Required work
Each entry below is to be reproduced exactly, though any pictures it holds must be omitted.

Records for processing

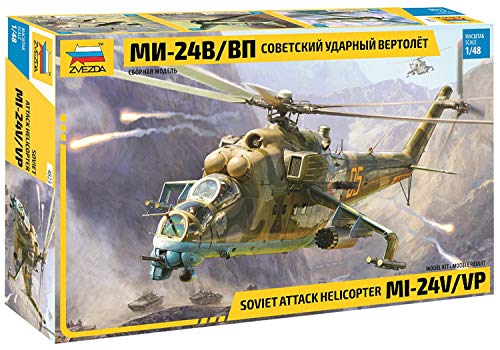 Zvezda 530004823 1:48 MIL Mi-24V/VP(HIND) Combat Helicóptero, maqueta de construcción de plástico, Kit de Montaje, réplica Detallada Zvezda 530004823 1:48 MIL Mi-24V/VP(HIND) Combat Helicóptero, maqueta de construcción de plástico, Kit de Montaje, réplica Detallada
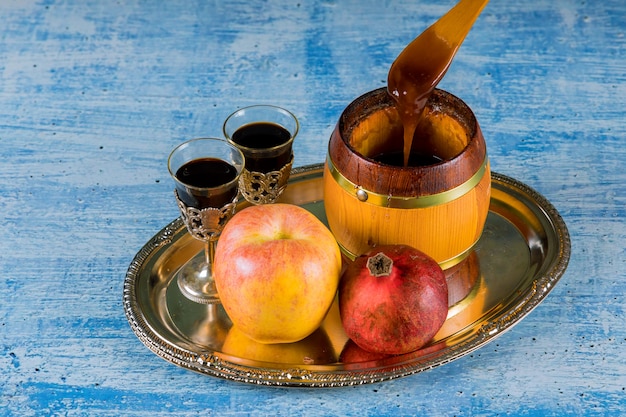 Pot De Miel Aux Pommes Rosh Hashana Fête Religieuse Hébraïque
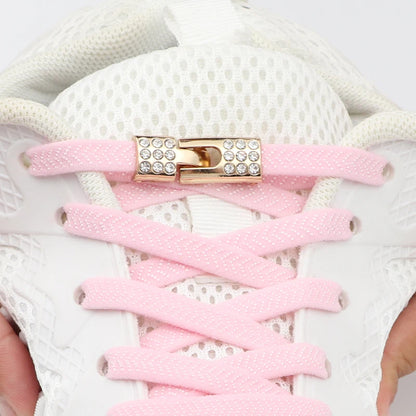 Geen-Knoop Elastische Sneakersluitingen met Diamantkruisvergrendelingen - Perfect voor Kinderen en Volwassenen, 8MM Breedte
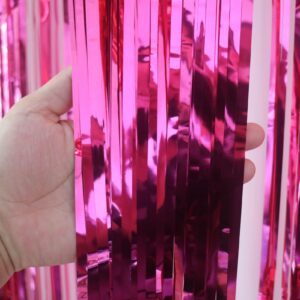 EUFARS Hot Pink Fringe Backdrop for Hot Pink Birthday Party Decorations - 3Pack Hot Pink Foil Fringe Curtains for Barbie Birthday Party Mother's Day Backdrop Decorations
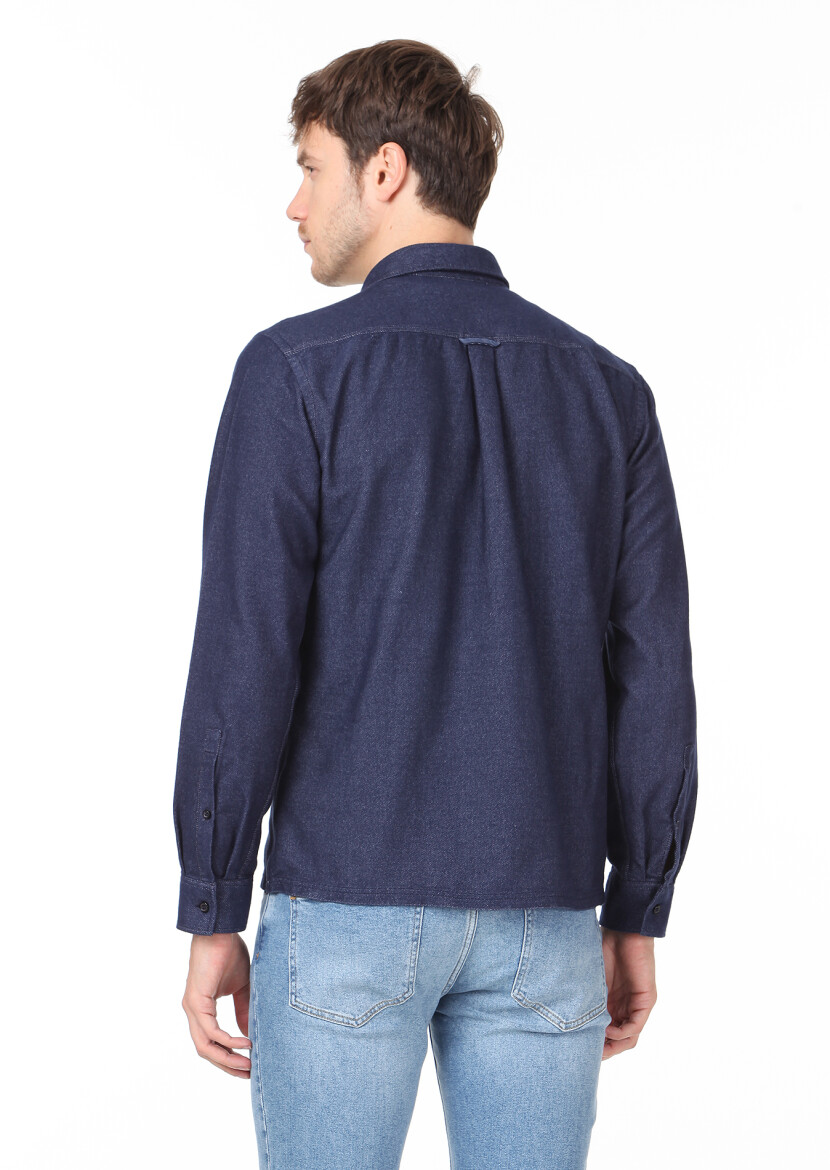 Lacivert Düz Regular Fit Uzun Dokuma Casual %100 Pamuk Gömlek - 4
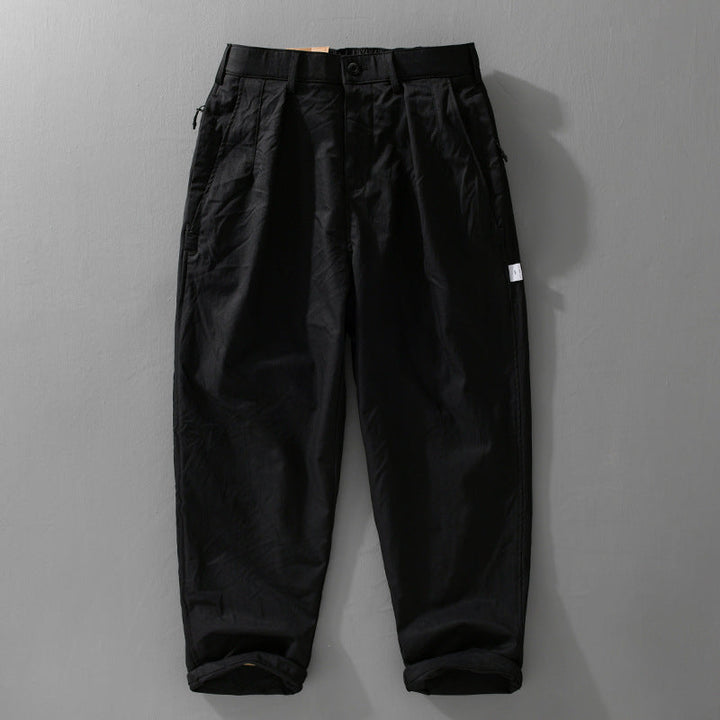 Galdren | Homme Pantalon Chino Ample à Plis - Black - Image 8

Answer to this exercise
 Zvezda 530004823 1:48 MIL Mi-24V/VP(HIND) Combat Helicóptero, maqueta de construcción de plástico, Kit de Montaje, réplica Detallada Zvezda 530004823 1:48 MIL Mi-24V/VP(HIND) Combat Helicóptero, maqueta de construcción de plástico, Kit de Montaje, réplica Detallada
 Pot De Miel Aux Pommes Rosh Hashana Fête Religieuse Hébraïque
 Geen-Knoop Elastische Sneakersluitingen met Diamantkruisvergrendelingen - Perfect voor Kinderen en Volwassenen, 8MM Breedte
 EUFARS Hot Pink Fringe Backdrop for Hot Pink Birthday Party Decorations - 3Pack Hot Pink Foil Fringe Curtains for Barbie Birthday Party Mother's Day Backdrop Decorations
 Lacivert Düz Regular Fit Uzun Dokuma Casual %100 Pamuk Gömlek - 4
 Galdren | Homme Pantalon Chino Ample à Plis - Black - Image 8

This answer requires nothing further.